* _Task directions_:
Would you retype the whole listing verbatim, keeping pictures out of it?

* _Data block_:
○ ○ ○
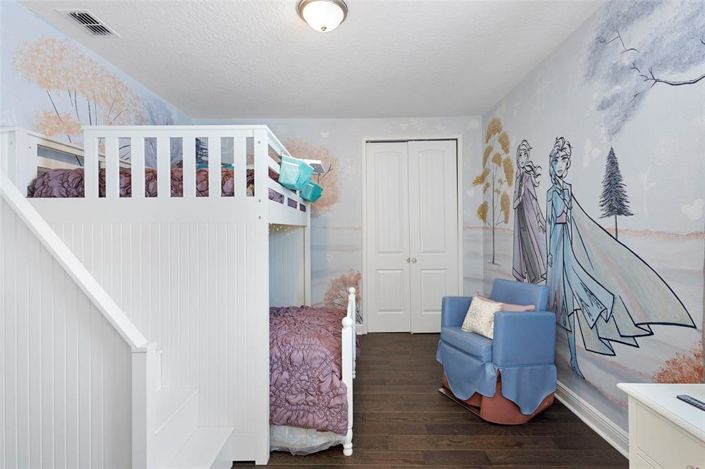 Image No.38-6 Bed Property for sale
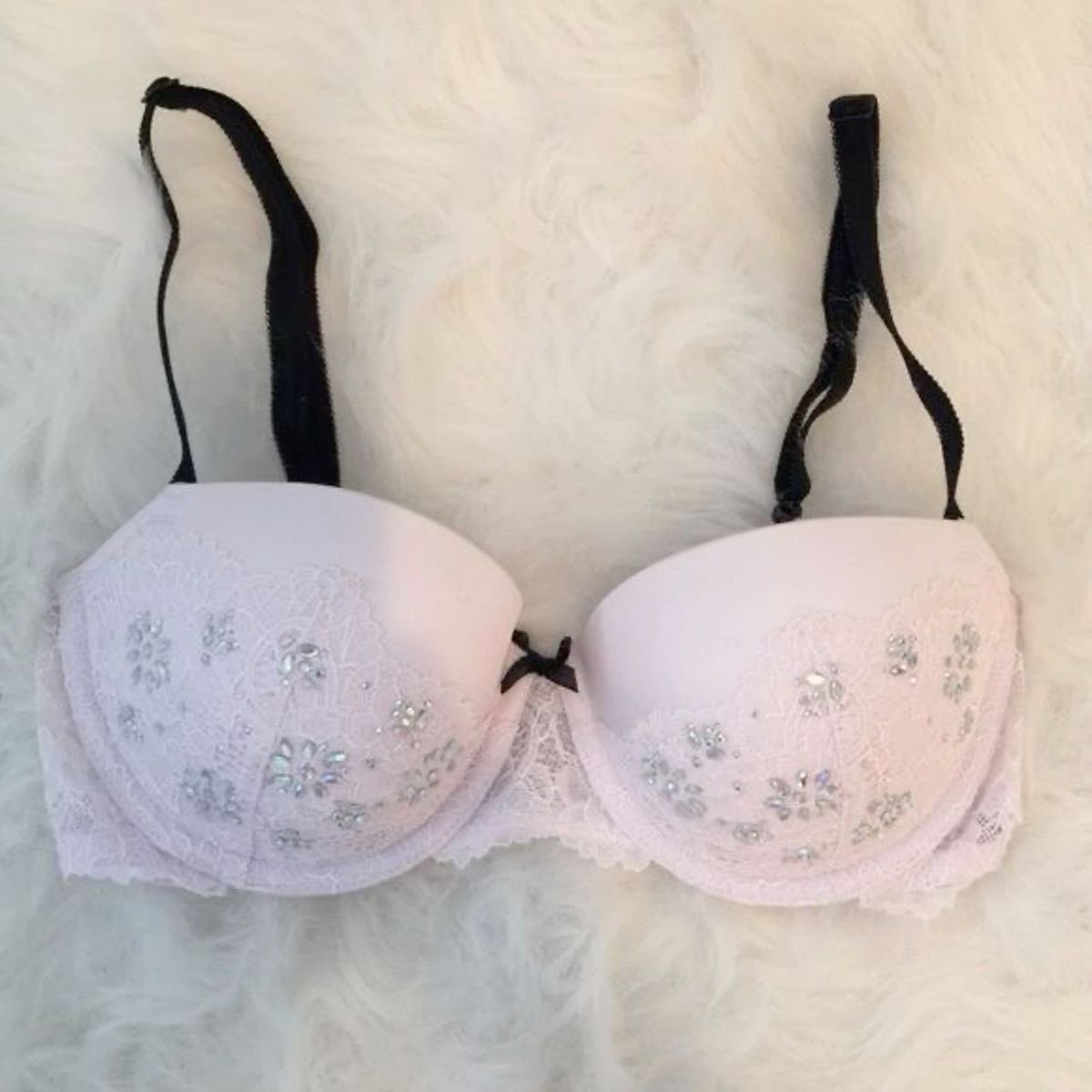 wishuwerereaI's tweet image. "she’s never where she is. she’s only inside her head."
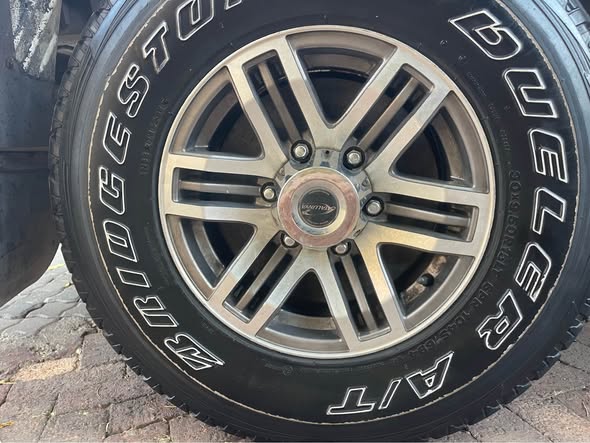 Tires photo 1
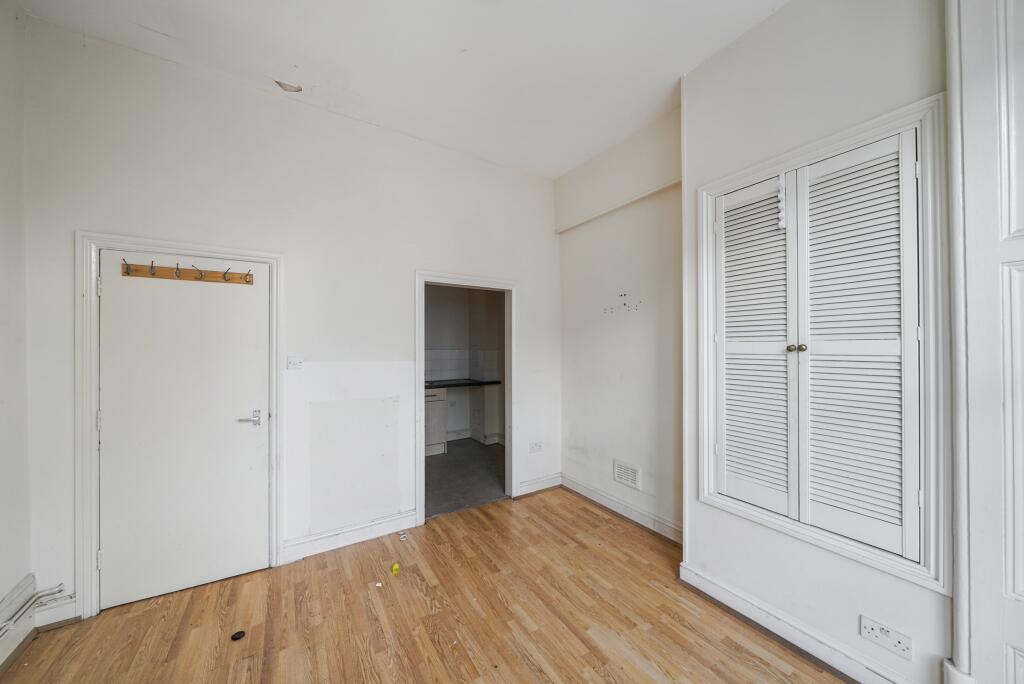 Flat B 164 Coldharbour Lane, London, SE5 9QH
○ ○ ○
* _Answer to this problem_:
 Image No.38-6 Bed Property for sale
 wishuwerereaI's tweet image. "she’s never where she is. she’s only inside her head."
 Tires photo 1
 Flat B 164 Coldharbour Lane, London, SE5 9QH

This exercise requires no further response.